The endpoint administrator specifies the identities required for access and an authentication assurance timeout period. If a user attempts access without having authenticated as required within the timeout period, the user will be prompted to authenticate with the required identity.
The steps for discovering and using mapped collections to access data are described in the Globus how-to guide, "Find and use a mapped collection from the Globus web app".
The names of the mapped collections users should use to transfer data and set up guest collections for the various services/connectors are specified in the table below. Users can search for the collections within the Globus web app when they wish to transfer files among collections (and to set up guest collections), including their own Globus Connect Personal endpoint. Users can also bookmark these for later reuse without having to search for them.
|UCB System||UCB Globus Collection/Endpoint Name(s)|
UCB BRC Savio Posix Data
|Google Cloud Storage||UCB Google Cloud Storage Collection|
|Wasabi||UCB S3 Wasabi Data|
|Amazon Web Services (AWS)||UCB AWS S3 Collections|
|Google Drive (bDrive)||UCB Google Drive Collections|
|Cloudian Storage||UCB Cloudian Storage Collections|
|Box||UCB Box Collections|
Note that the ucb#brc and UCB BRC Savio Posix Data endpoints/collections point to the same data on Savio. Keep in mind also that there currently may be multiple Savio Globus endpoints/collections with the same name (
ucb#brc or similar). Users can also do a collections search on "8dfcaab6-fe4e-4376-9430-785631512d4a" (which is the Globus UUID associated with the
ucb#brc collection) in the globus collections search box in the Globus UI, which is labeled as "Managed Mapped Collection on UCB/BRC DTN01 Endpoint" in the globus UI. This is the new Globus Connect Server version 5 (GCSv5) connector and this should work for all users.
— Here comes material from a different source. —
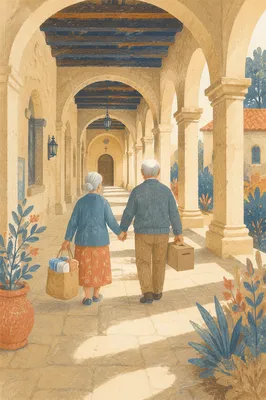 Senior Couple Serving in Church Corridor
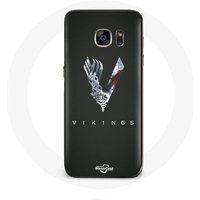 Maniacase Hoesje voor Samsung Galaxy S6 Vikings Seizoen 6 logo V Zwaard Grijs Zwarte Achtergrond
Also note that in some instances, when users are trying to access Savio Globus collections or the other endpoints/collections in the table above, they may be prompted to re-authenticate first, and they might be given a choice to login with various different identities. In that case it is usually best to login with an identity that includes the username as part of the ID, e.g. firstname.lastname@example.org.
Automating and Scheduling Data Transfers with Globus¶
Globus provides multiple methods to automate and schedule transfers, including the here also), which allows you to schedule data workflows for a certain date and time with the option to repeat these workflows on a specified schedule. Keep in mind, however, that this service is not supported for high assurance collections at this time, so it can't be used with the Savio ucb#brc endpoint or with the other mapped collections listed in the table in the previous section (with the exception of "UCB AWS S3 Collections", which is a non-High Assurance collection). Savio users need to use the ucb#brc-basic (non-High Assurance) endpoint in order to use the Globus Timer service to transfer data to and from Savio. Keep in mind also that both endpoints/collections need to be non-High Assurance in order for data to be transferred between them using the Globus Timer service.
It is also possible to automate transfers with the Globus service using scripts that make use of the Globus API or the Globus CLI. Examples of such scripts are available here. These scripts can also be run on a schedule using cron or some other system scheduler service.